Primarily due to the fact that W was the primary caregiver of CF, the court would probably give her at least joint custody, but probably sole custody. The court may consider giving HF joint "legal custody" so he can continue making decisions about CF's upbringing. Joint physical custody might be a problem if HF and W cannot get along. They divorced because of "incompatibility."
Visitation rights are given freely to parents, unless a parent abuses or endangers a child.

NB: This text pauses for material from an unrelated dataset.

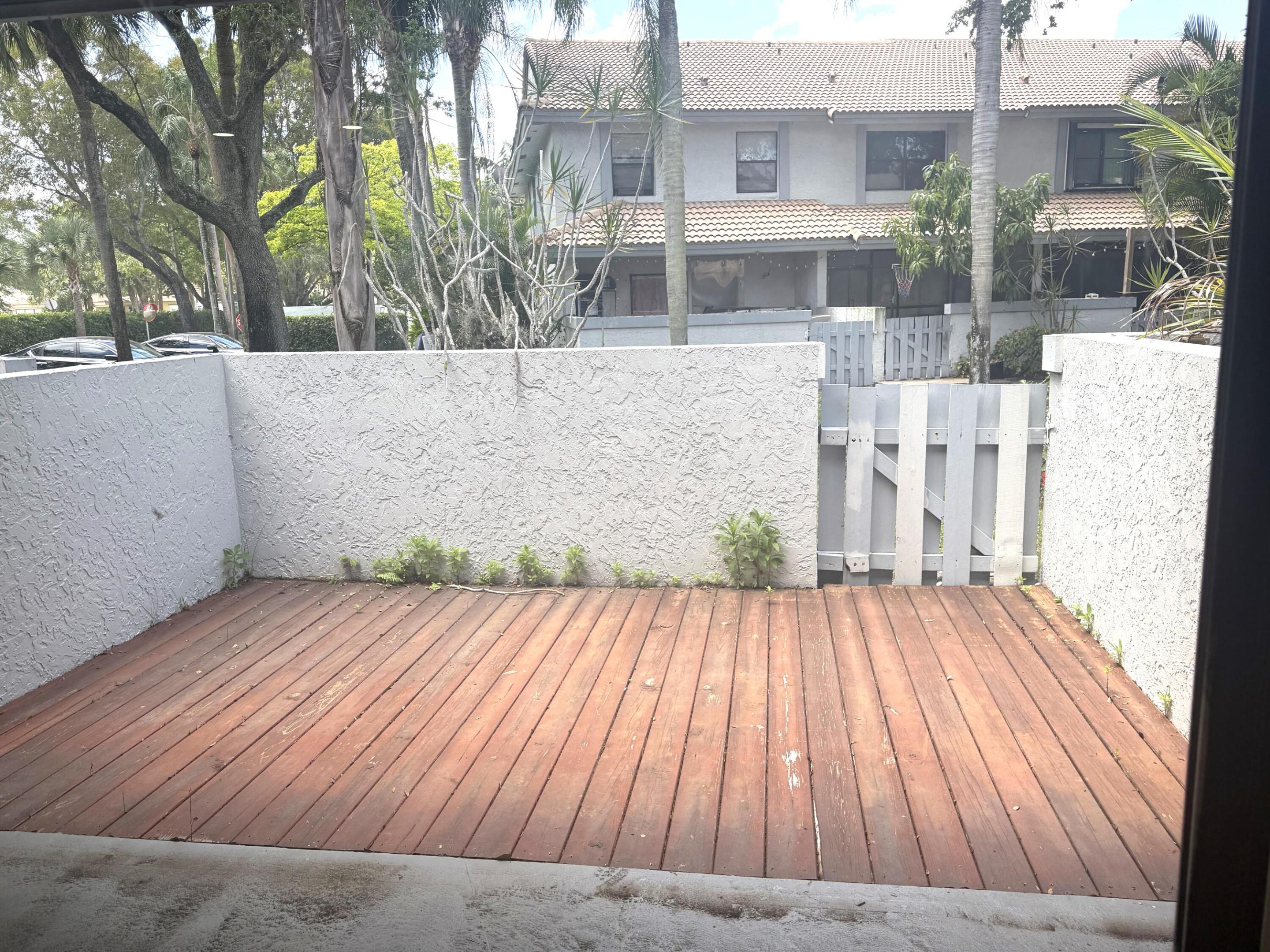 9793 Riverside Drive 59-4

Failure to pay child support will not cause the withholding of visitation rights.
Because of HF's close relationship with CF and his financial support, the court would most likely give HF very liberal visitation rights. B might have to ask for a hearing to gain visitation rights since he has not been a part of CF's life. He could show by a blood test that he truly is the father. He could argue that due process requires that at least he could get a hearing on all of these issues.
The court probably would not place a great deal of weight on the fact that B and his wife can't have kids. If visitation was awarded, it probably would be family restricted – at least initially due, to the fact that CF doesn't even know who B is. Visitation might even have to be supervised initially.